A weak ridge is more likely to be overtopped by storms which at times will also breach the ridge where it is weakest or where wave power is concentrated. A smaller, weaker ridge can also be more easily moved by waves, which could naturally change the direction of the ridge faces until it is reorientated to face incoming waves at right angles. Such spits are called ‘swash orientated’.
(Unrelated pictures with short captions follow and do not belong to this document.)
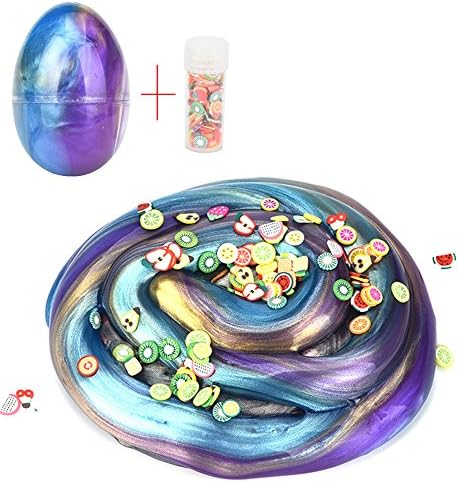 Gorgii Egg Colorful Slime Squishy Clay Stress Relief Kids Sludge Toy Game - Best gift for Children (Colorful)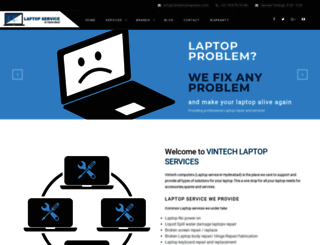 laptopserviceinhyderabad.com screenshot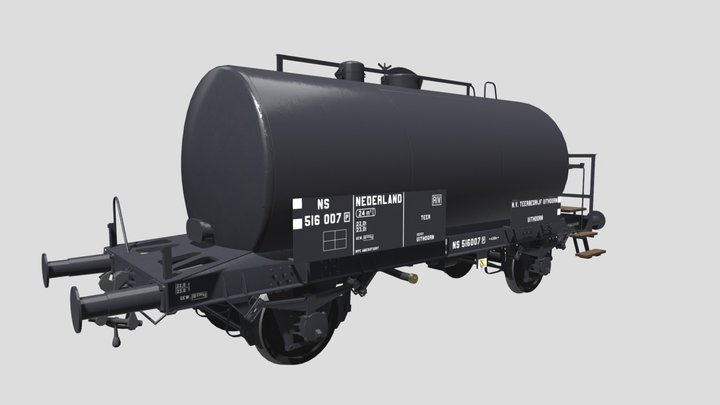 Einheitskesselwagen "Teerbedrijf Uithoorn" 3D Model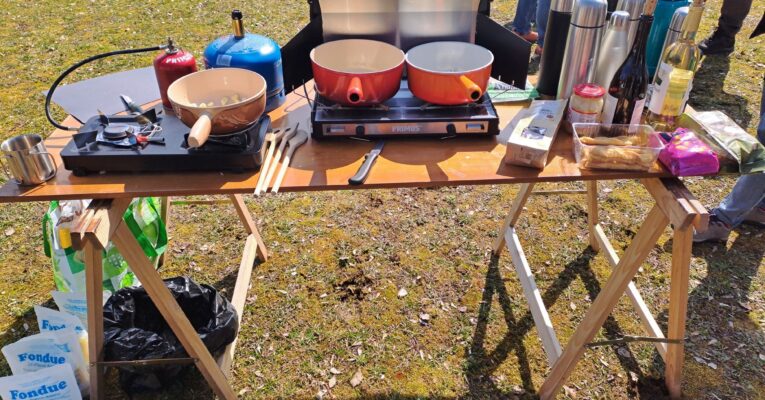 Fondue hivernale un peu en retard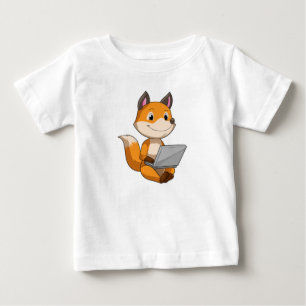 Fox with Laptop Baby T-Shirt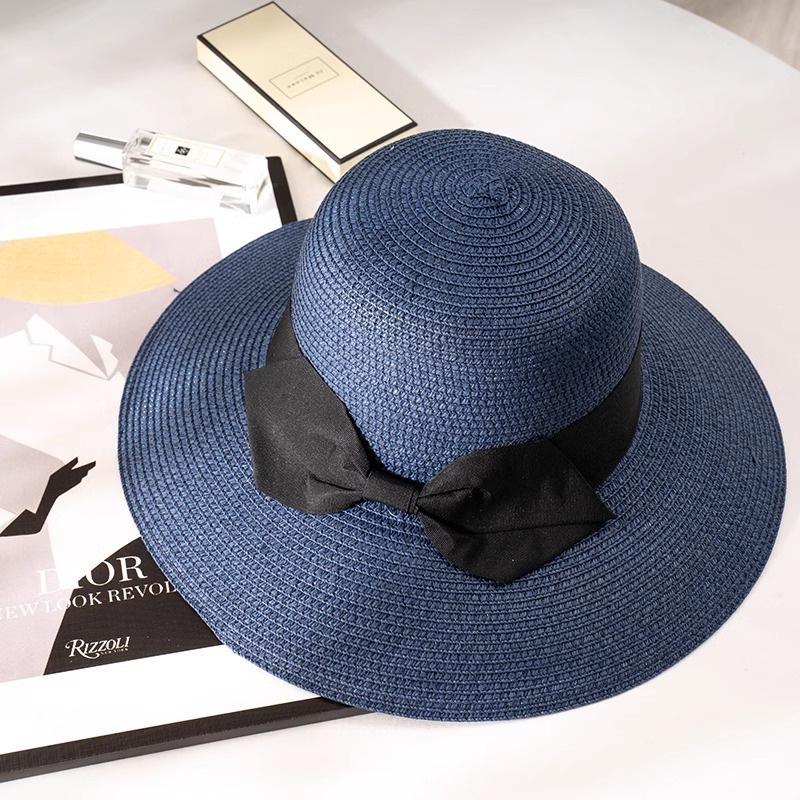 Summer Straw Hat Top Panama Hat Women In Korean Style Large Brim Sun Protection Cap Versatile Vacation Beach Hat Fascinator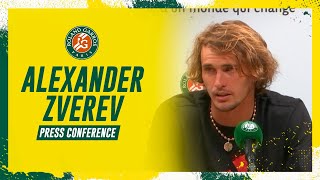 Alexander Zverev  Press Conference after Round 4 I RolandGarros 2023 [upl. by Bobina]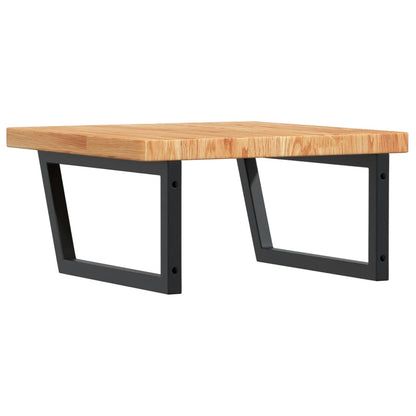 Steel and Oak Floating Basin Shelf - Bend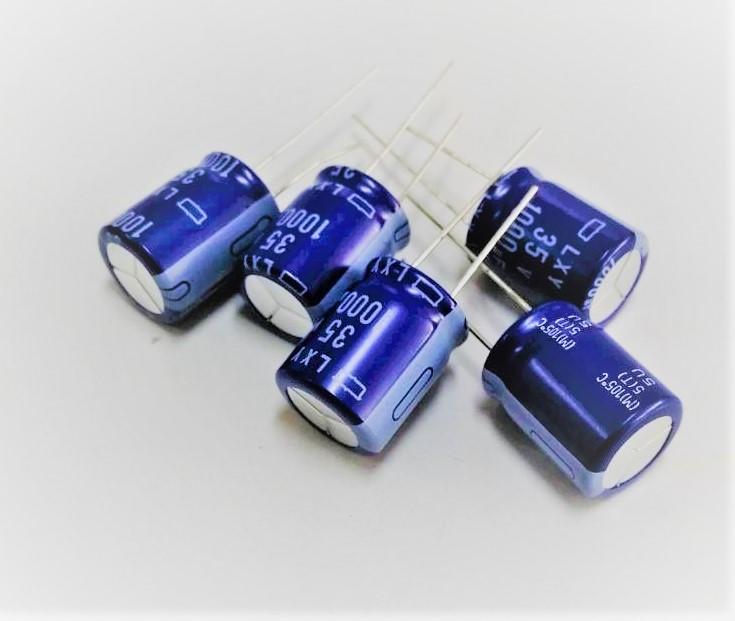 『正典UCHI電子』日本NIPPON - LXY 高頻電解電容  35v 1000uF 尺寸: 16X20mm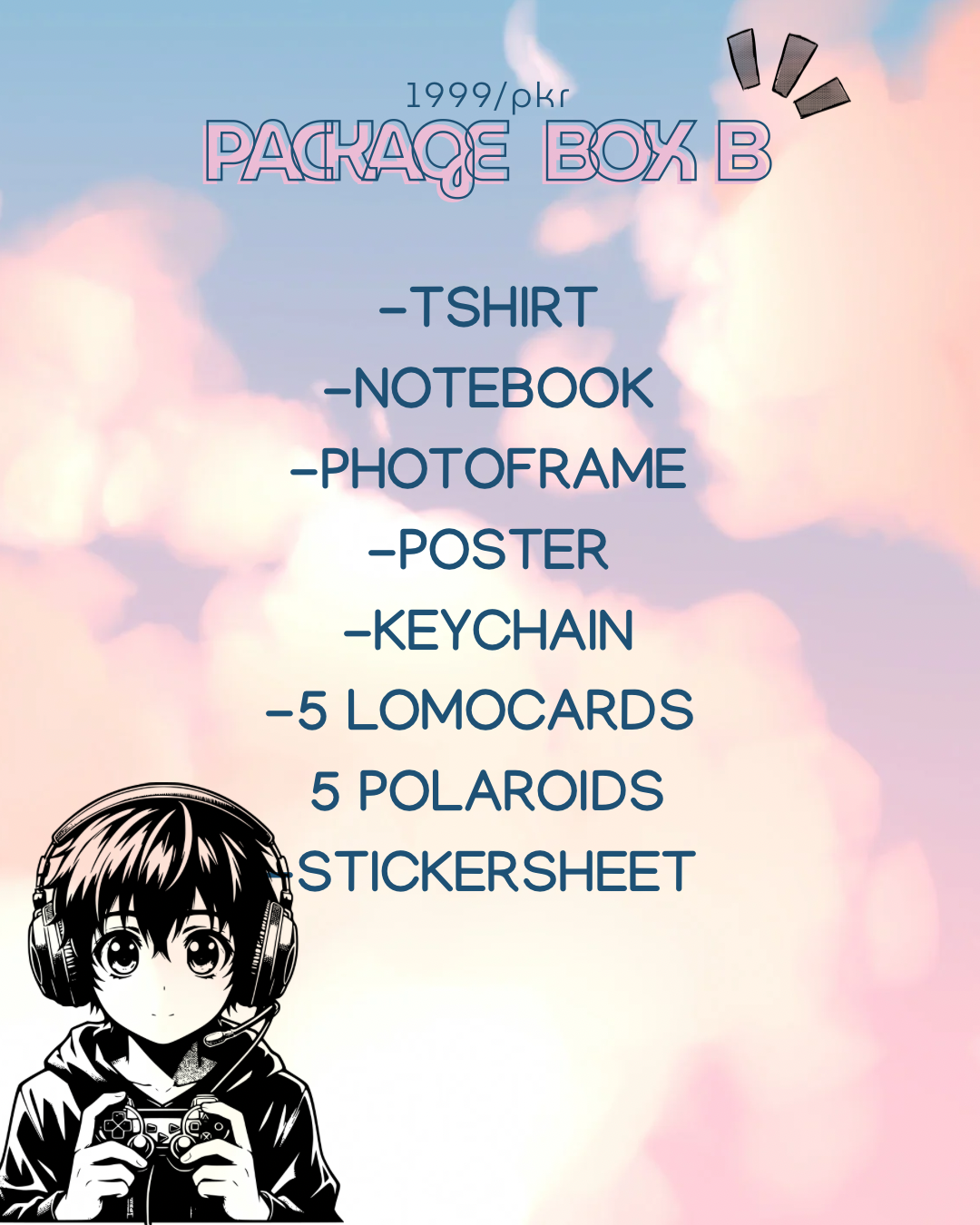 CUSTOM X PACKAGE BOX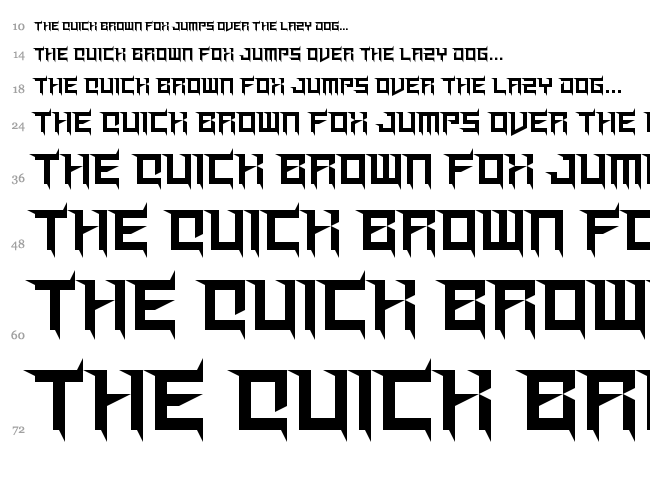 Prick Habit font waterfall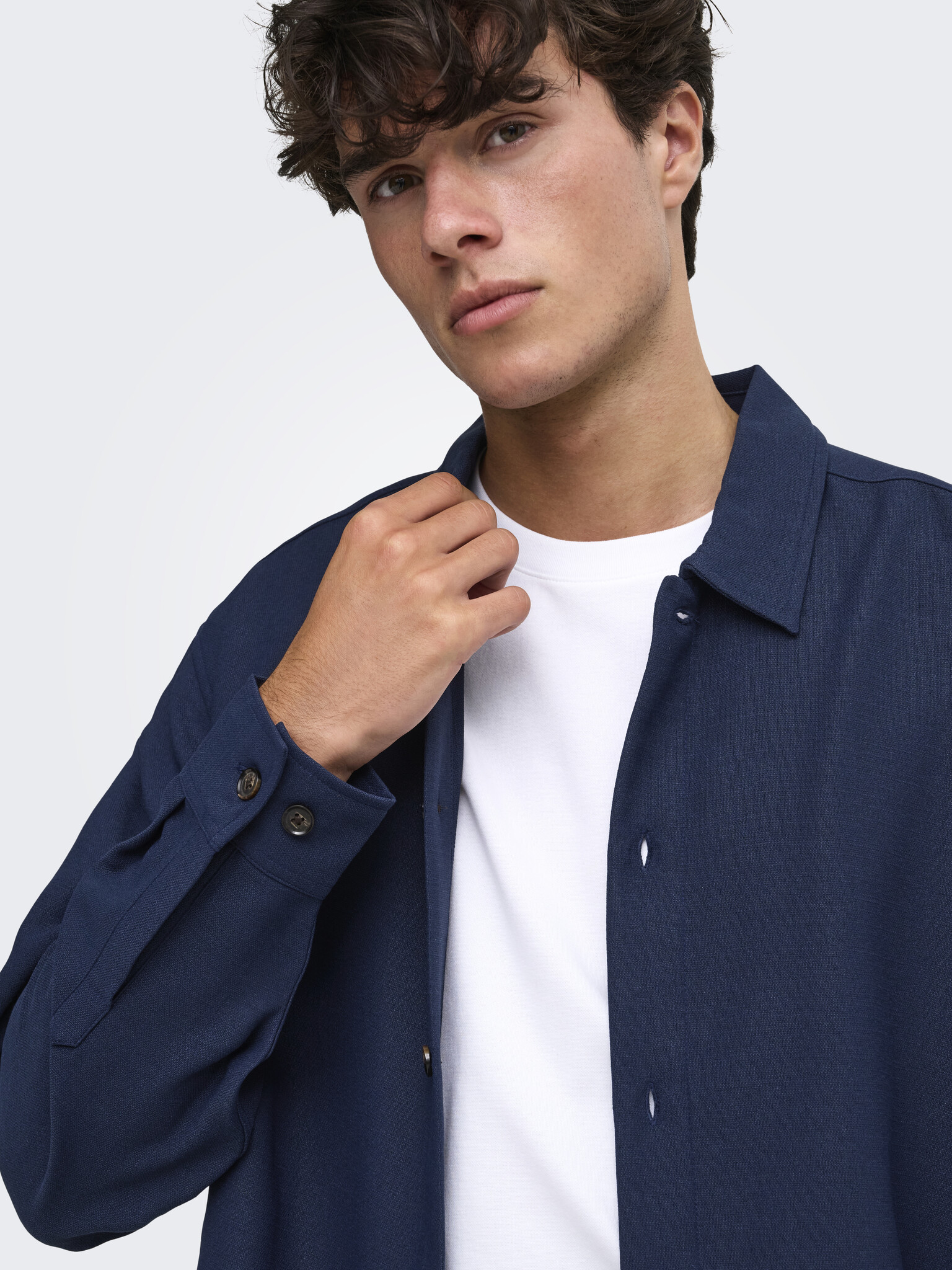 ONSHANSI ARIO LS SHIRT (Sky Captain)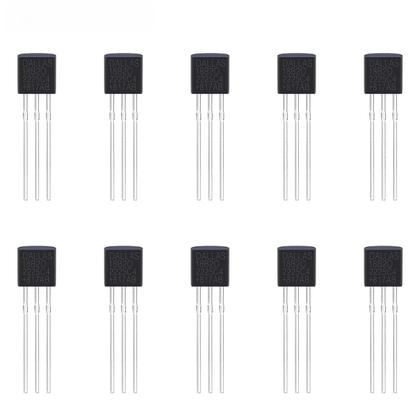 Imagem de DS18B20 Sensor De Temperatura Chip TO-92 18B20 IC DIY Termômetro Digital -55  graus C a 125  graus C 1/5/10/20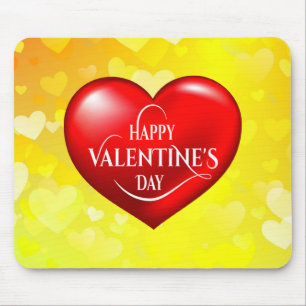 Heart Shaped 3d Red Love Symbol-50420 Mouse Mat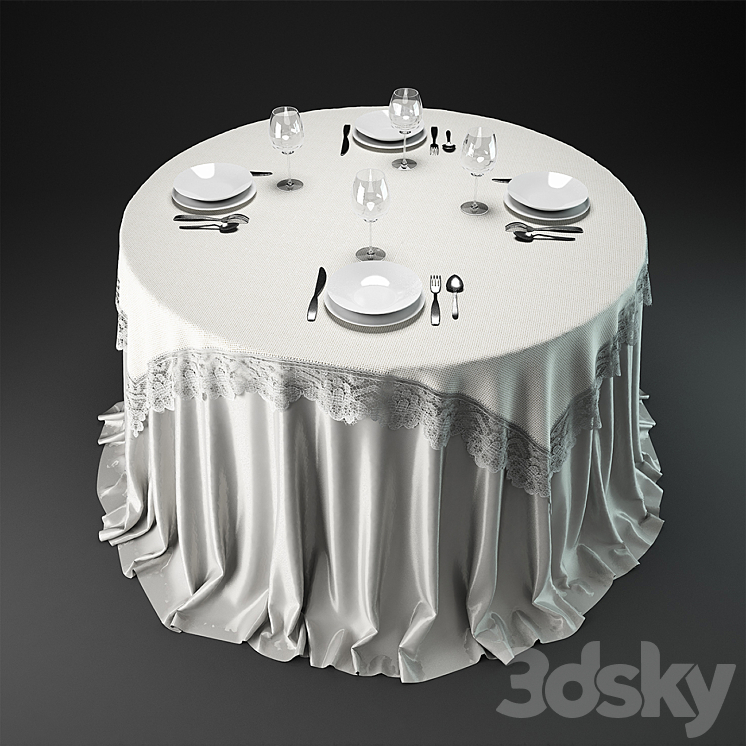 Tablecloth 3DS Max - thumbnail 1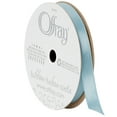 thumbnail image 1 of Offray Ribbon, Powder Blue 3/8 inch Single Face Satin Polyester Ribbon, 18 feet, 1 of 5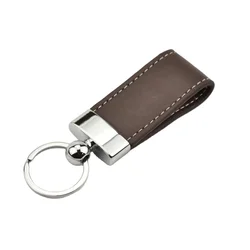 Vespa Colored Personalized Cute Leather Fur Tassel Key Ring Key Fob With Logo In Brown keyring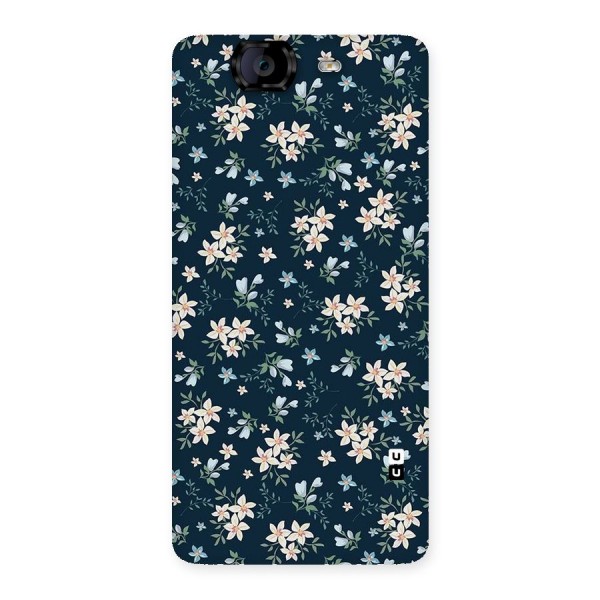 Floral Blue Bloom Back Case for Canvas Knight A350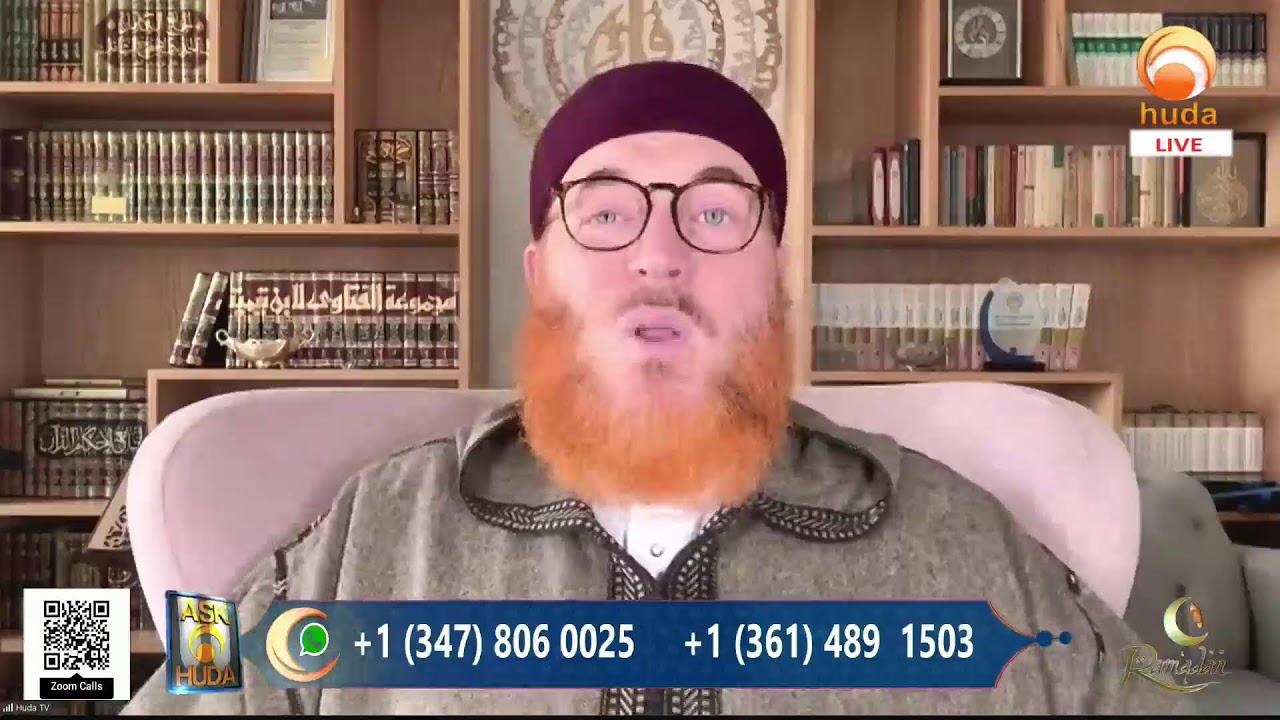 LIVE Q&A Session with Dr. Mohammad Salah on Ask HUDA in Ramadan 11th. 1447 Hijri.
Whatever ones view about the future of this beautiful coastal feature, any engineering attempt to thwart these long-term natural adjustments to the shoreline is likely to be very expensive and the cost is likely to increase exponentially over time.
8th September 1908
The north west gale was felt with considerable severity at Westward Ho! on Monday night the early hours of Tuesday morning most of the bathing boxes were blown over on the pebbleridge and many of them badly damaged.
March 2007
On the cold Saturday afternoon March 31st Peter and Janet Keene led a walk along the beach and pebbleridge at westward Ho! in the company of some 40 members and guests. Peter suggested that the theme of the walk should be the dynamic nature of both the Pebbleridge and Northam Burrows and how even within historic times, the nature of these environments has undergone dramatic change. On the beach the inner peat bank was visited demonstrating that in Roman times most of what is now Westward Ho! beach was a protected estuarine fresh-water fen, presumably at that time some way inland from the sea shore. A wooden wreck (circa 1800) exposed on the beach at low water, some 300 metres from the present ridge suggesting that the ridge has on average been retreating some 1.5 metres a year for the past 200 years. This trend has only been curtailed at the Westward Ho! end of the ridge by the 1932 sea wall and in the past by periodic beach replenishment schemes. Peter pointed out that the situation beyond Sandymere is even more volatile. Old navigation charts show the split periodically disintegrating and reforming and there is little to suggest that these cycles will not continue. This natural cycle would really have had little consequence but for the bizarre council decision to allow the dumping of waste north of Skern, long after the unstable nature of the coastal site must have been known . An added complication is the ,as yet unproven suggestion that the dump may contain toxic waste. The present appearance of much of Northam Burrows is the product of modern drainage and grazing. A more natural burrows with salt marches and meandering streams is today only a memory recalled by painting such as those by Thomas Girtin. A rising sea level associated with climatic warming suggests that this,indeed will once again be the natural landscape of the burrows.”